(What the task asks) Write out all of the entries, matching the original exactly.

□ □ □ □

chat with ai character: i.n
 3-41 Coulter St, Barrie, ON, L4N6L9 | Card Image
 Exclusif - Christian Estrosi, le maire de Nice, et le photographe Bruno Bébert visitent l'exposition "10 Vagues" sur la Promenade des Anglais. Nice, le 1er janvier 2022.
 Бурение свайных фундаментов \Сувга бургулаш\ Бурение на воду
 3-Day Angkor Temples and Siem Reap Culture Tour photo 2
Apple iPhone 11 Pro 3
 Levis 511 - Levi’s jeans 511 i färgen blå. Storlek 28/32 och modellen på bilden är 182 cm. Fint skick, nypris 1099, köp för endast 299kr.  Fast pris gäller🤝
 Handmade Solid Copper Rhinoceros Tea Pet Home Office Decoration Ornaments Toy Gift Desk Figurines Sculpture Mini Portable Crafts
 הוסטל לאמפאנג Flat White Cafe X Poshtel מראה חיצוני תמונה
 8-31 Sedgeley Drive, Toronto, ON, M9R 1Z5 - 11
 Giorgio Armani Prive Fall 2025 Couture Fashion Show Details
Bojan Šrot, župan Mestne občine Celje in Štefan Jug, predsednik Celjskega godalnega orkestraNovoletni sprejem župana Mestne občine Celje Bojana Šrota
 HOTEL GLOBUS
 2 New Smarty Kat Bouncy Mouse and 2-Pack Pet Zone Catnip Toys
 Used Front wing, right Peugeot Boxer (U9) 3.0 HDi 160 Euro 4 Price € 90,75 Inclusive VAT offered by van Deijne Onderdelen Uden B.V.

□ □ □ □

(Task answer)
chat with ai character: i.n
 3-41 Coulter St, Barrie, ON, L4N6L9 | Card Image
 Exclusif - Christian Estrosi, le maire de Nice, et le photographe Bruno Bébert visitent l'exposition "10 Vagues" sur la Promenade des Anglais. Nice, le 1er janvier 2022.
 Бурение свайных фундаментов \Сувга бургулаш\ Бурение на воду
 3-Day Angkor Temples and Siem Reap Culture Tour photo 2
Apple iPhone 11 Pro 3
 Levis 511 - Levi’s jeans 511 i färgen blå. Storlek 28/32 och modellen på bilden är 182 cm. Fint skick, nypris 1099, köp för endast 299kr.  Fast pris gäller🤝
 Handmade Solid Copper Rhinoceros Tea Pet Home Office Decoration Ornaments Toy Gift Desk Figurines Sculpture Mini Portable Crafts
 הוסטל לאמפאנג Flat White Cafe X Poshtel מראה חיצוני תמונה
 8-31 Sedgeley Drive, Toronto, ON, M9R 1Z5 - 11
 Giorgio Armani Prive Fall 2025 Couture Fashion Show Details
Bojan Šrot, župan Mestne občine Celje in Štefan Jug, predsednik Celjskega godalnega orkestraNovoletni sprejem župana Mestne občine Celje Bojana Šrota
 HOTEL GLOBUS
 2 New Smarty Kat Bouncy Mouse and 2-Pack Pet Zone Catnip Toys
 Used Front wing, right Peugeot Boxer (U9) 3.0 HDi 160 Euro 4 Price € 90,75 Inclusive VAT offered by van Deijne Onderdelen Uden B.V.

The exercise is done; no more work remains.